▶ **Exercise**: Once you find the line with "Used 2018 Jeep" in the entries below, print it and each line after it up to and including the line with "ZAPATILLAS CAMPER BEETLE K300005 VERDE", exactly, without pictures.

------ The data ------

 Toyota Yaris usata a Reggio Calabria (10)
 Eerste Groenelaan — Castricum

------
------ The data ------

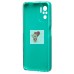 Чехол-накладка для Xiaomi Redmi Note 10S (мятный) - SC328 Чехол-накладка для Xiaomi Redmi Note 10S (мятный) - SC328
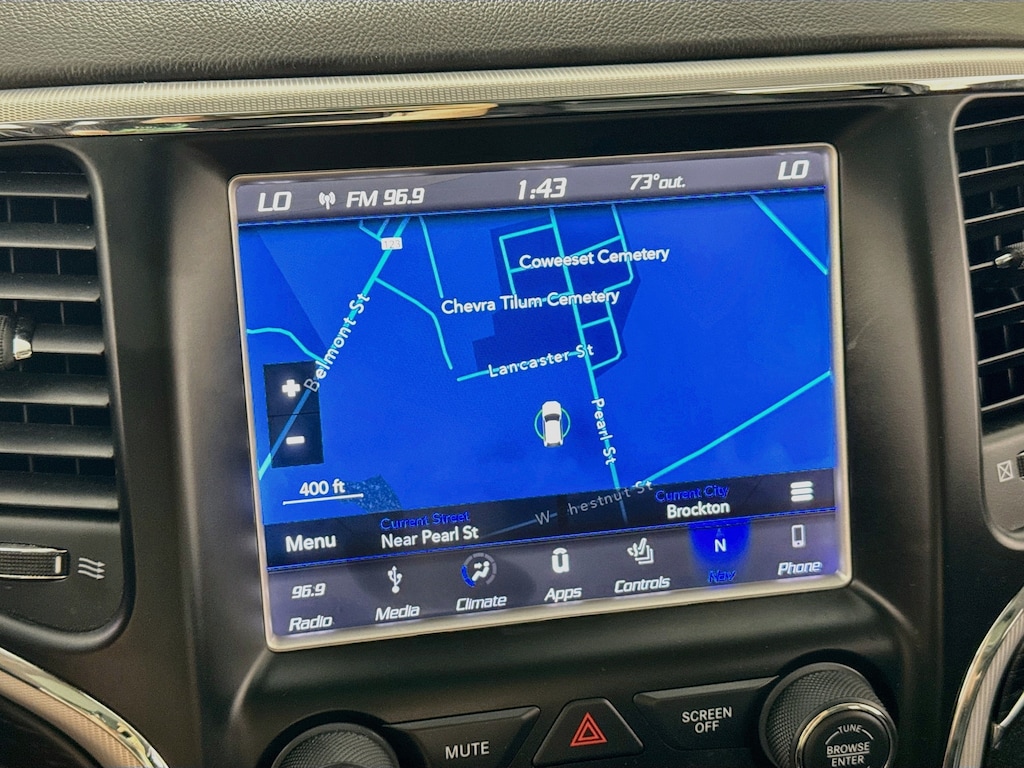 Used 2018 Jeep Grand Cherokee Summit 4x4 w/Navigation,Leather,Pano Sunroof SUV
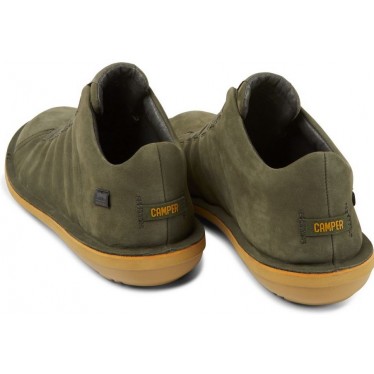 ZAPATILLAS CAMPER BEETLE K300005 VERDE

------

▶ **Task result**:
 Used 2018 Jeep Grand Cherokee Summit 4x4 w/Navigation,Leather,Pano Sunroof SUV
 ZAPATILLAS CAMPER BEETLE K300005 VERDE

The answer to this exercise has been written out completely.